Valid Expression = single digit
and
Valid Expression = (Valid Expression + Valid Expression)
Given that there is no limit to the size of the above form (number of opening and closing parenthesis..etc.) I'd like to do that using recursion
Being the newbie that I am.. Thank you for any helpful input!

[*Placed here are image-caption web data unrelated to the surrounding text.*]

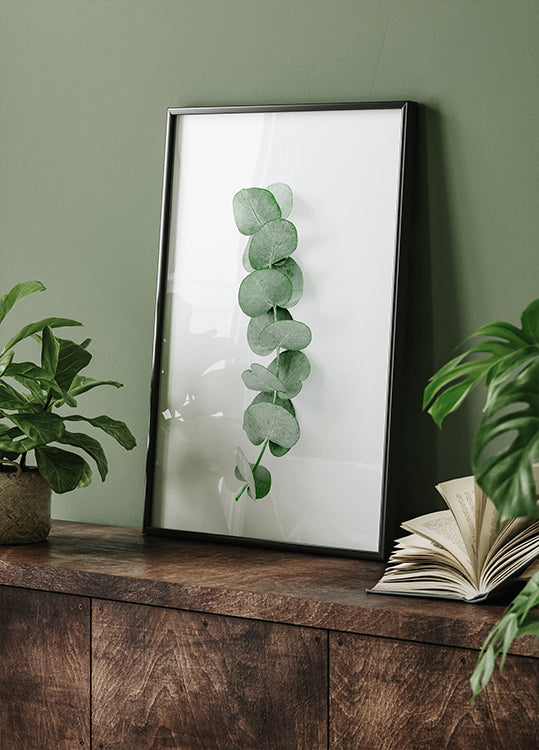 Eucalyptus Leaf Poster - Posterbox.dk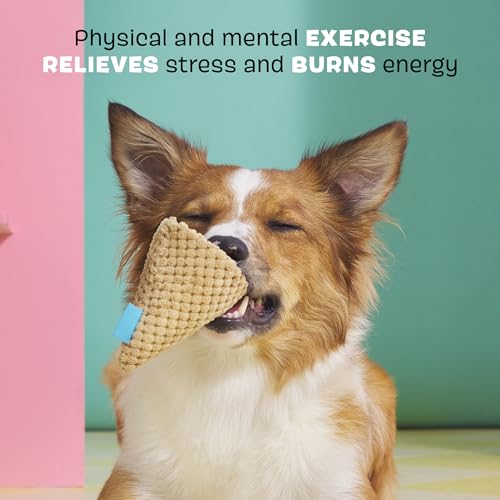 Barkbox Mint Chocolate Poop Scoop Dog Toy | 2-in-1 Plush Ice Cream Set with Squeaky Tennis Ball & Squeaker Cone | for Small Dogs - color: Poop Scoop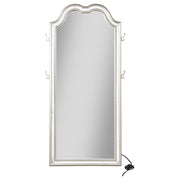 Evangeline Full Length LED Light Floor Mirror Silver Oak - 223400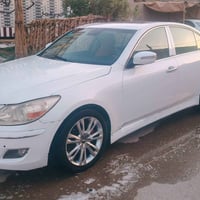 جنيسز ٢٠١٤ • ارقام انكليزي • كشنات جلد
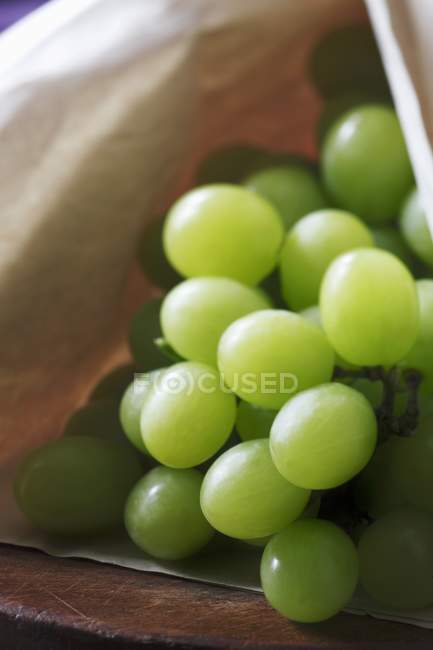 Bund grüner Trauben — Stockfoto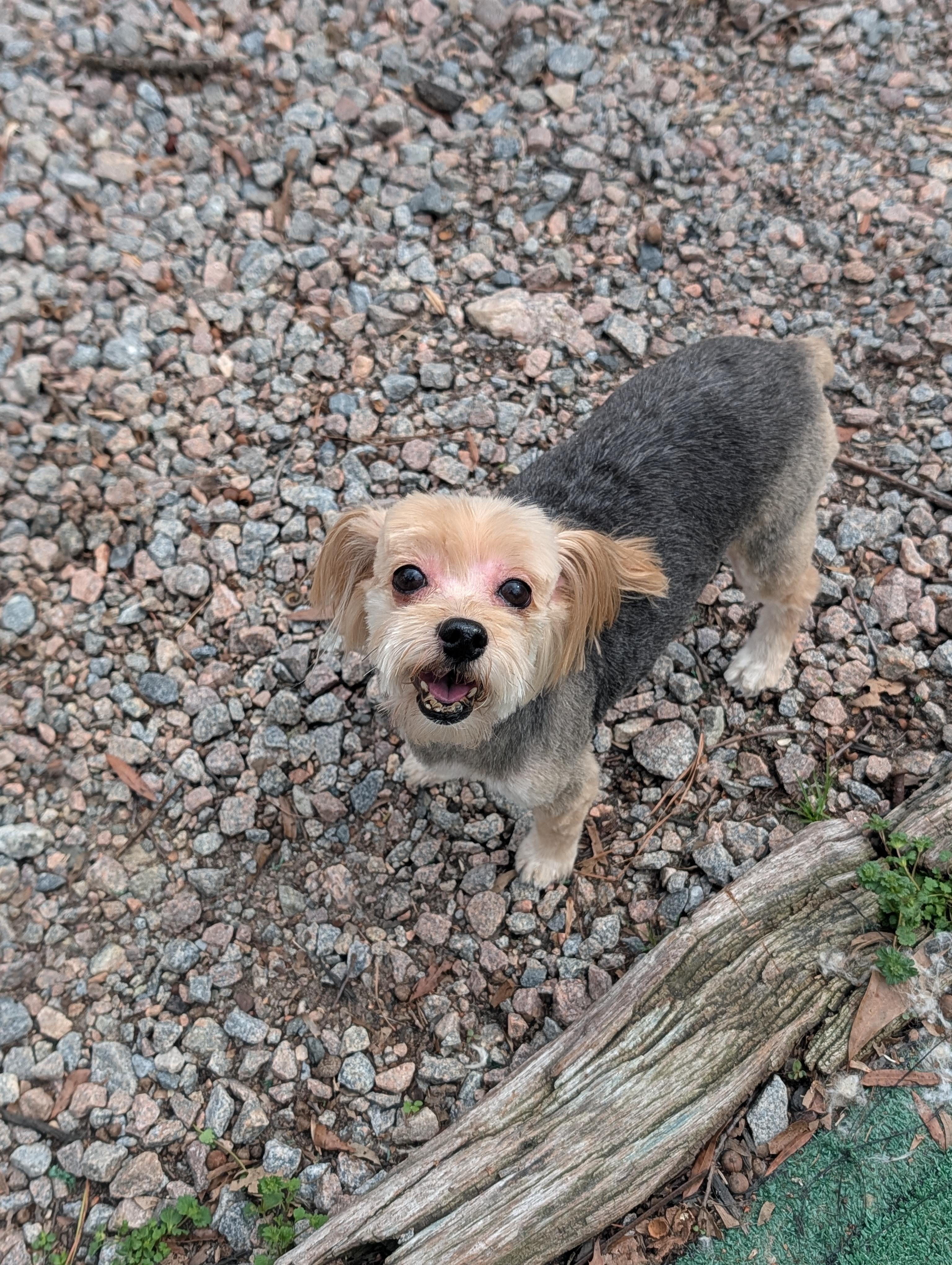 Cricket, a ADOPTABLE Yorkshire Terrier in Richmond, VA image 2/3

To do a recursive solution you're gonna want to read the string into a buffer first, then do something like this:
int expression(char* str) {
if (*str == '(') {
int e1 = expression(str + 1);
if (e1 == -1 || *(str + 1 + e) != '+') {
return -1;
}
int e2 = expression(str + 1 + e + 1);
if (e2 == -1 || *(str + 1 + e + 1 + e2) != ')') {
return -1;
}
return 1 + e1 + 1 + e2 + 1;
}
if (*str >= '0' || *str <= '9') {
return 1;
}
return -1;
}
bool isvalid(char* str) {
int e1 = expression(str);
if (e1 < 0) {
return false;
}
if (e1 == strlen(str)) {
return true;
}
if (*(str + e1) != '+') {
return false;
}
int e2 = expression(str + e1 + 1);
if (e2 < 0) {
return false;
}
return (e1 + 1 + e2 == strlen(str));
}
Basically, the expression function returns the length of the valid expression at it's argument. If it's argument begins with a parenthesis, it gets the length of the expression after that, verifies the plus after that, then verifies the closing parenthesis after the next expression. If the argument begins with a number, return 1. If something is messed up, return -1. Then using that function we can figure out whether or not the string is valid by some sums and the length of the string.
I haven't tested the function at all, but the only case this might fail in that I can think of would be excessive parenthesis: ((5)) for example.
An alternative to recursion could be some sort of lexical parsing such as this:
enum {
ExpectingLeftExpression,
ExpectingRightExpression,
ExpectingPlus,
ExpectingEnd,
} ParseState;
// returns true if str is valid
bool check(char* str) {
ParseState state = ExpectingLeftExpression;
do {
switch (state) {
case ExpectingLeftExpression:
if (*str == '(') {
} else if (*str >= '0' && *str <= '9') {
state = ExpectingPlus;
} else {
printf("Error: Expected left hand expression.");
return false;
}
break;
case ExpectingPlus:
if (*str == '+') {
state = ExpectingRightExpression;
} else {
printf("Error: Expected plus.");
return false;
}
break;
case ExpectingRightExpression:
if (*str == '(') {
state = ExpectingLeftExpression;
} else if (*str >= '0' && *str <= '9') {
state = ExpectingEnd;
} else {
printf("Error: Expected right hand expression.");
return false;
}
break;
}
} while (*(++str));
return true;
}
That function's not complete at all, but you should be able to see where it's going. I think the recursion works better in this case anyways.